Int. J. Mol. Sci. 2023, 24(9), 7797; https://doi.org/10.3390/ijms24097797

by Tara Fiyouzi^†

, Hector F. Pelaez-Prestel^†

, Raquel Reyes-Manzanas

, Esther M. Lafuente^*

and Pedro A. Reche^*

Reviewer 1:

Mohamed E. Abd El-Hack

Reviewer 2:

Martín Pérez-Santos

Reviewer 3:

Bhaumik D. Pandya

Int. J. Mol. Sci. 2023, 24(9), 7797; https://doi.org/10.3390/ijms24097797

Submission received: 31 March 2023 / Revised: 19 April 2023 / Accepted: 21 April 2023 / Published: 25 April 2023

(This article belongs to the Special Issue Immune Modulation of Mucosal Inflammation 2.0)

Round 1

Reviewer 1 Report

This review article discusses how to enhance the regulatory T cells to treat inflammatory and autoim- 2 mune diseases. It is very interesting and informative.

- Authors should take care of English; it needs improvement.

- Updation with 2023 citations is required.

- Follow the journal style in reference format.

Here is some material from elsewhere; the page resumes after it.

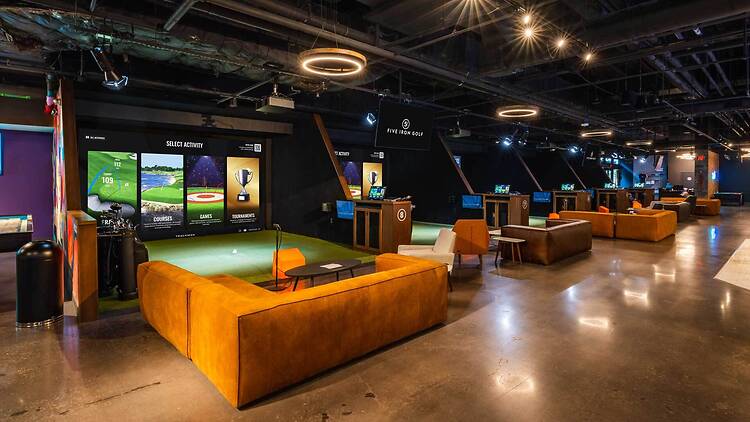 five iron golf interior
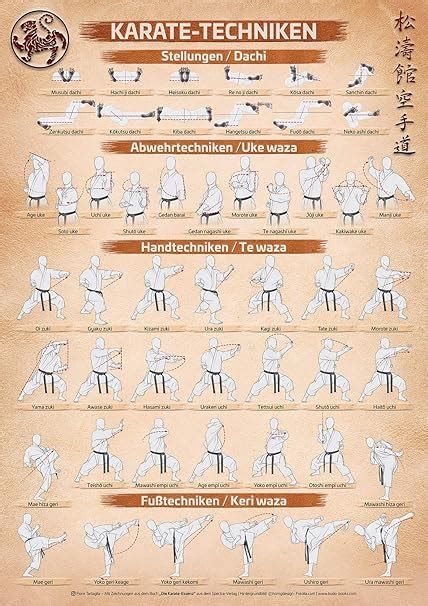 Spectra Verlag Karate | Karate Techniken Poster | DIN A1 – 594 x 841 mm ...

- Authors should take care of English; it needs improvement.

Author Response

"Please see the attachment."

Author Response File: Author Response.pdf

Reviewer 2 Report

The manuscript addresses the potential treatment of autoimmune diseases with Treg cells. The design of the review includes an introduction to Treg cells, their ontogeny and mechanisms of action, as well as their adoptive transfer as therapy. It also presents various relevant clinical trials of transfer to Treg cells in ulcerative colitis and Crohn's disease.

1. In Table 2 there is duplication of references 1-13, which refer to results articles linked to clinical trials. The authors must correct this duplicity so that the citation is continuous.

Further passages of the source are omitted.